Bay Guardian Co. v. New Times Media LLC, A122448

Decision Date11 August 2010
Docket NumberNo. CGC-04-435584,A122448,CGC-04-435584
CourtCalifornia Court of Appeals Court of Appeals
PartiesBAY GUARDIAN COMPANY, Plaintiff and Respondent, v. NEW TIMES MEDIA LLC et al., Defendants and Appellants.

For Defendants and Appellants Reed Smith LLP Paul D. Fogel, Esq. Raymond A. Cardozo, Esq. Dennis Peter Maio, Esq.;

Kerr & Wagstaffe LLP H. Sinclair Kerr, Jr., Esq. James M. Wagstaffe, Esq. Ivo Labar, Esq.;

Village Voice Media, LLC Don Bennett Moon, Esq.

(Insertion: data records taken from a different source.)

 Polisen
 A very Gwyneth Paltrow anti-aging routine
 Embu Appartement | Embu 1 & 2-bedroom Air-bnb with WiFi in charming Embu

For Plaintiff and Respondent Joseph A. Hearst, Esq.; E. Craig Moody, Esq.; Ralph C. Alldredge, Esq.; Richard P. Hill, Esq.

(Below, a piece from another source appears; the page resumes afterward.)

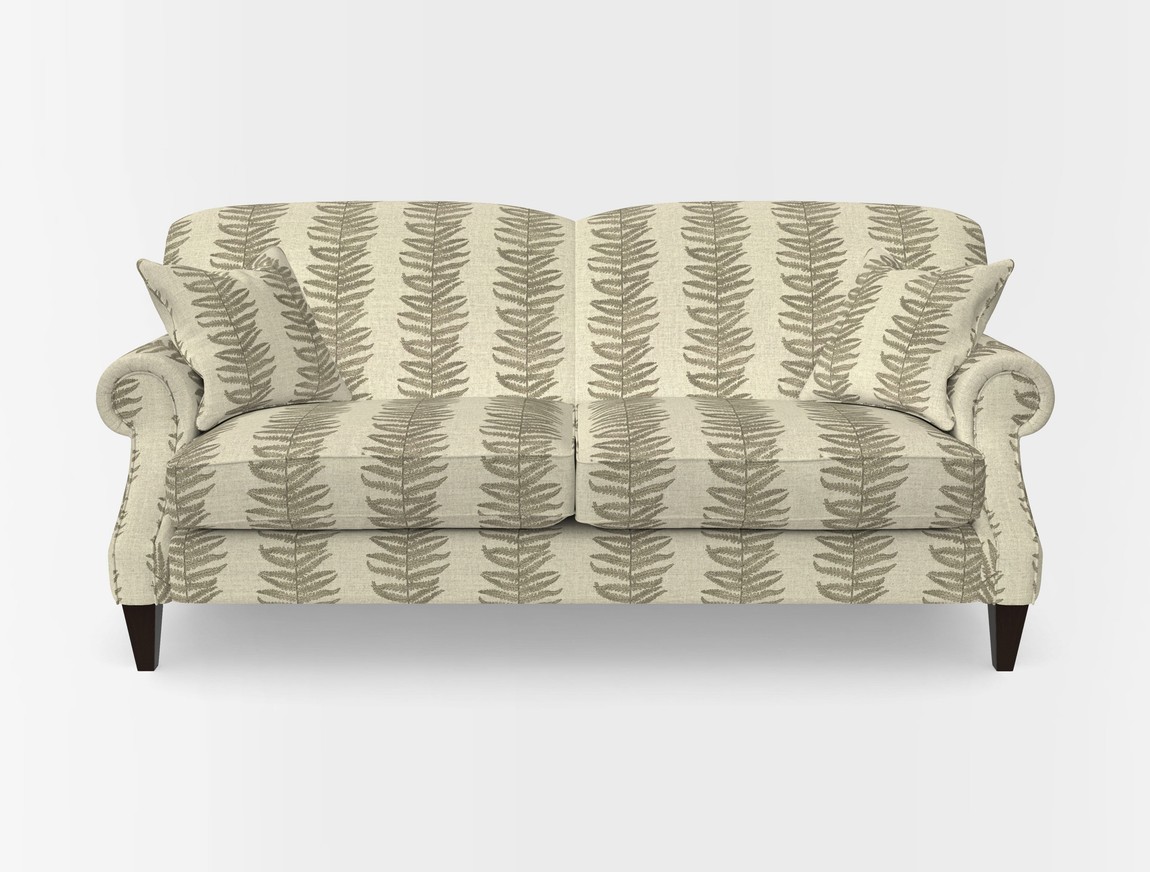 3 Seater Sofa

CERTIFIED FOR PARTIAL PUBLICATION*

Dondero, J.

The Bay Guardian and the San Francisco Weekly are competing alternative newspapers in the San Francisco Bay Area. Each paper relies on advertising revenue in large part to sustain the publication of the news weekly. San Francisco Weekly offered advertising to business entities at a rate lower than was provided by the Bay Guardian. Consequently, the Bay Guardian sued San Francisco Weekly for unfair competition under California law. It was successful and won a jury verdict of approximately $16 million.

This appeal has been taken by defendants New Times Media (the New Times), San Francisco Weekly (the SF Weekly), and East Bay Express (the Express), from a judgment that awarded plaintiff Bay Area Guardian (the Guardian) damages in an action for violations of Business and Professions Code section 17043 based on sales of advertising at rates below cost for the purpose of harming a competitor.1 Defendantsclaim that the trial court erred by failing to admit defense evidence and properly instruct the jury on the essential element in a section 17043 action of proof of the defendant's ability to recoup losses. Defendants also argue that the court gave defective instructions on the intent or "purpose" to harm a competitor and the statutory presumption of improper purpose stated in section 17071. They further assert that the evidence presented by plaintiff failed to adequately prove the element of damages caused by the below-cost sales, or that the New Times and the Express were agents of the SF Weekly so as to incur liability to plaintiff pursuant to section 17095.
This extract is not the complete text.